Adversary-in-the-middle attack (AiTM) targeting Microsoft 365

Adversary-in-the-middle attack (AiTM) targeting Microsoft 365

Organization: Retail industry, 1K+ stores, 9K+ employees, UK and Ireland

Solution: Sophos MDR, +Microsoft 365 Mgmt. Activity Management

Adversary behavior 

The attacker sends a phishing email pretending to be a shared OneNote file from a known supplier, containing a link to a fake Microsoft login page. The user logs in, and the attacker steals their credentials and session token. Armed with this access, the attacker logs into portal[.]office[.]com with the user's credentials and modifies a Microsoft Teams link in an existing calendar invitation—a common tactic used to stage Business Email Compromise (BEC) attacks or distribute malicious links to the user's contacts.  

Threat detection 

A proprietary Sophos detection rule identifies successful logins to 'portal.office.com' for the targeted user where the user agent string is suspicious—indicating a potential Adversary-in-the-Middle (AiTM) session compromise.
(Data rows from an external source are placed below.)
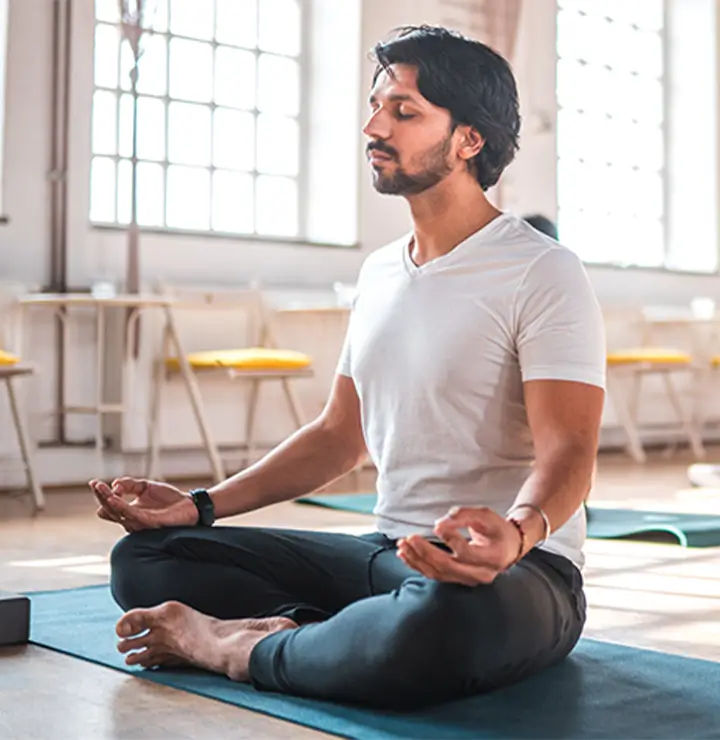 Person meditates cross-legged on a yoga mat in a sunny room with large windows.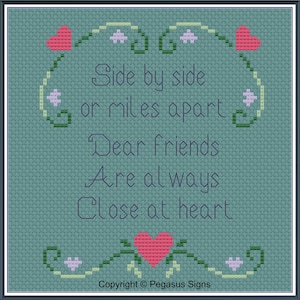 May include: Cross-stitch pattern with a green background and a quote that reads "Side by side or miles apart Dear Friends Are always Close at heart". The quote is surrounded by a floral design with red and pink hearts.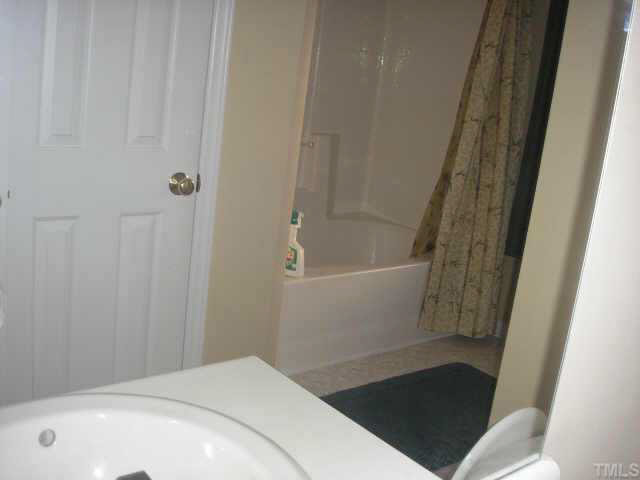 5704 Bryanstone Place Raleigh, NC 27610 - Photo 6 of 10 a bathroom with a tub and shower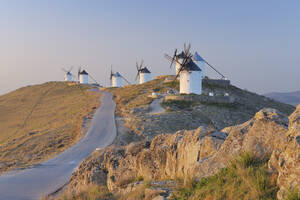 Spain, Toledo Province, Castile-La Mancha, Row of windmills with rural road at sunrise - RUEF000612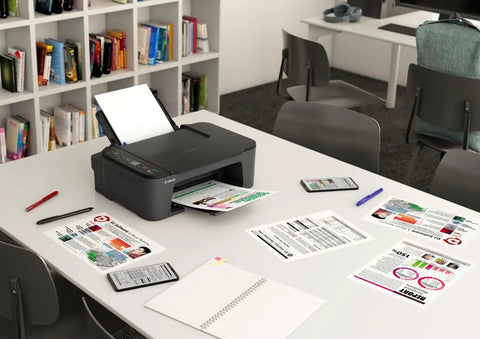 Slick Wireless All In One Home Office Printer Scanner Copier on desk with documents, mobile devices, and notebook.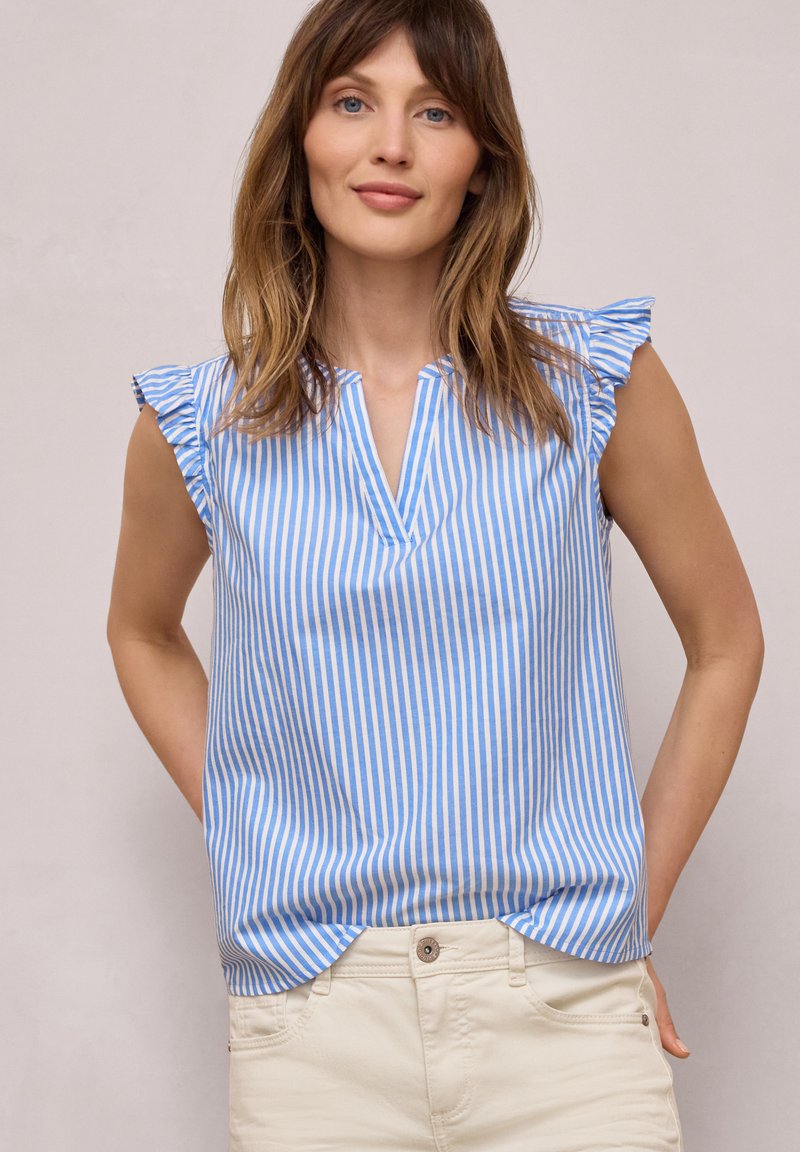 Mujer que lleva una blusa sin mangas de rayas azules y blancas con volantes en los hombros y pantalones beige claro, de pie frente a un fondo liso.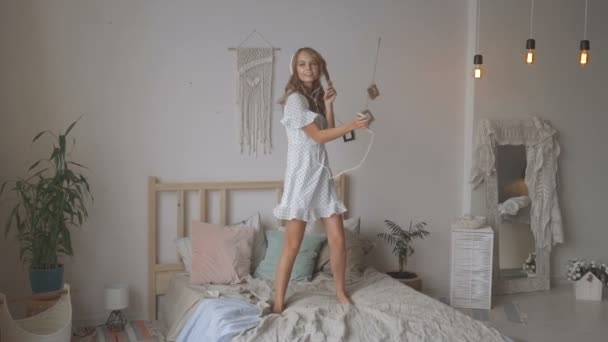 Счастливая молодая женщина в наушниках слушает музыку со смартфона и танцует на кровати дома — стоковое видео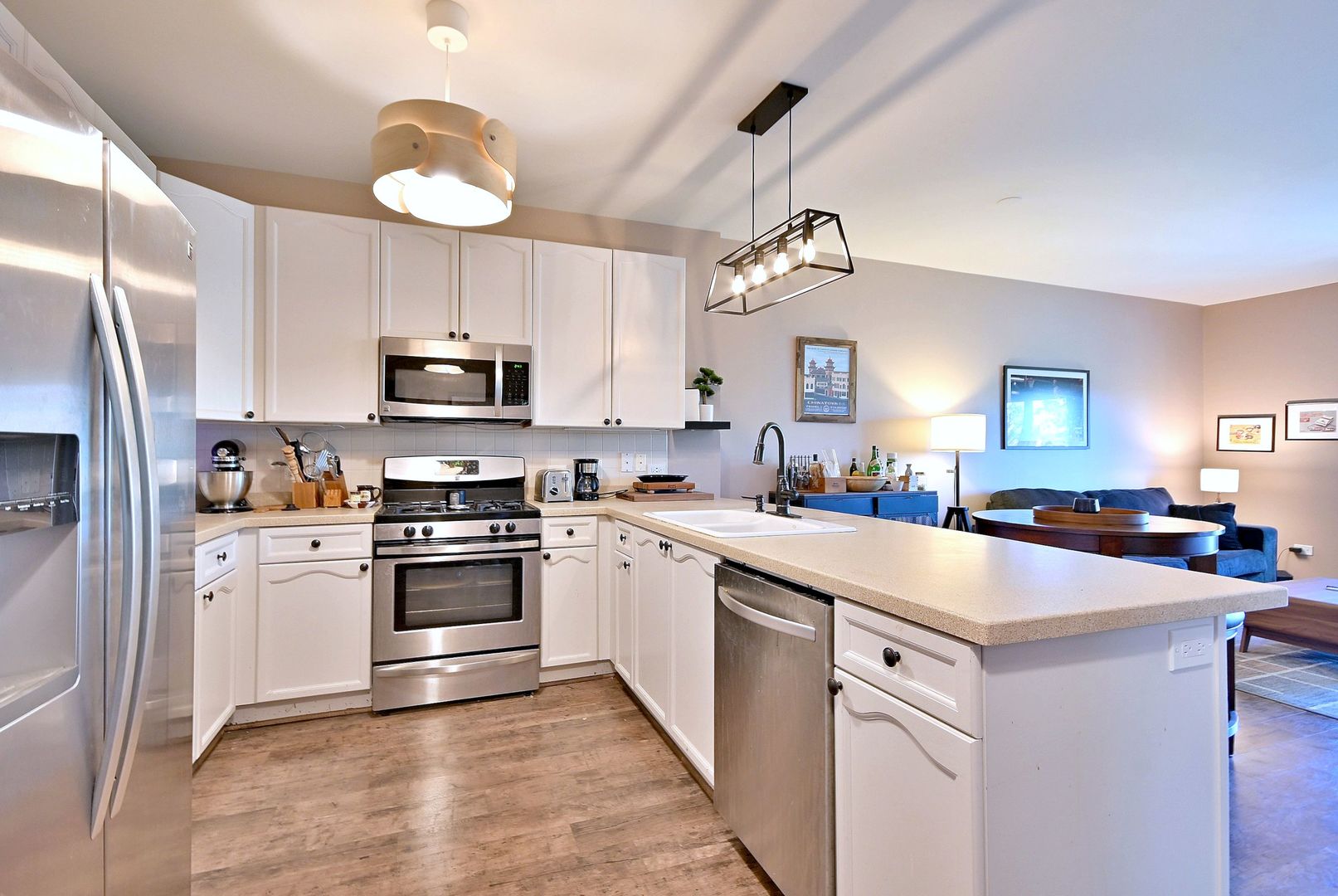 145 South York Street, Unit 404 Elmhurst, IL 60126 - Photo 10 of 28 a kitchen with white cabinets and stainless steel appliances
A case is automatically created for Sophos MDR to investigate.  

Investigation 

The Sophos MDR analyst reviews Entra ID sign-in logs for the targeted user, who is office-based in the U.K., and identifies successful logins to 'portal.office.com' from IP addresses geolocated in the USA, the Netherlands, and Germany. The analyst uncovers the modification made to the user's calendar invitation by the attacker, confirming the scope and intent of the compromise. 

Response 

The Sophos MDR analyst advises the organization to block the phishing email sender and reset the user's compromised credentials. The analyst provides guidance on terminating authentication tokens in Microsoft Entra ID and recommends setting up a conditional access policy to restrict logins for office-based employees to their specific geolocations. The case is closed in just two hours from initial detection, preventing further account abuse and strengthening defenses against future AiTM attacks.